Visual analysis of build dependencies
Software source code has to be built. This includes compilation and linking, and is supported by tools such as makefiles. Fast builds are essential for fast development-test-debug-release cycles. In agile development and extreme programming, these cycles have to be executed often on a daily basis.
However, in large software projects, even a small change in the code can cause tremendous build times. We call this the build cost. Moreover, some changes can massively increase the build cost. We call this the build impact. This is particularly a problem when large, multi-site teams work on the same code base.
Architects of such projects are interested to understand how to
- model and predict the build cost and build impact
- easily find the build bottlenecks in a large system
- find ways to refactor a code base to decrease build costs and impacts
Build analyzer
In this project, we studied the build cost and impact of large C and C++ software code bases. We propose a simple but accurate build cost and impact model, based on the include relations between headers and source files (details here).
The model extracts a system-wide dependency graph using our own C/C++ static analyzer. The cost and impact of any file or subsystem based on simple graph traversals that can be evaluated in real-time and saved in an SQL database for further analysis.
Visual build analytics
We developed a visual tool, the Build Analyzer, that supports our initial analysis goals in easy-to-use, simple ways. The system hierarchy is shown as a tree view, colored by build cost.

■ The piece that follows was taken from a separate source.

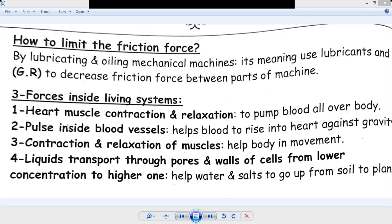Number one: heart muscle contraction and relaxation to pump blood all over the body. Number two: pulse inside blood vessels, to help blood to rise into the heart against gravity.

For each subsystem, we use a table lens to show the build cost, impact, and change frequency for each file. Sorting this table shows the cost and impact distribution and allows finding the build bottlenecks. For each file, the contribution to its build cost of all its dependencies is separately shown in a second table lens. This supports deciding whether (and how) this file can be refactored to decrease costs.
Visual refactoring
Once we've found where a build bottleneck is, how to remove it? A typical solution is to refactor that bottleneck, typically a header, by
- splitting it recursively into two or more headers
- including the resulting headers in clients instead of the original one
We designed a Visual Refactor tool to help with this. The tool identifies the usage of symbols from one or more headers in their clients, and computes a recursive split of the headers so that symbols which are used together come in the same split headers. The split process is visualized as a tree using an icicle plot. We also display the refactoring benefit (decrease of build cost achieved by refactoring) and refactoring cost (number of additional include directives to add to accommodate the new headers)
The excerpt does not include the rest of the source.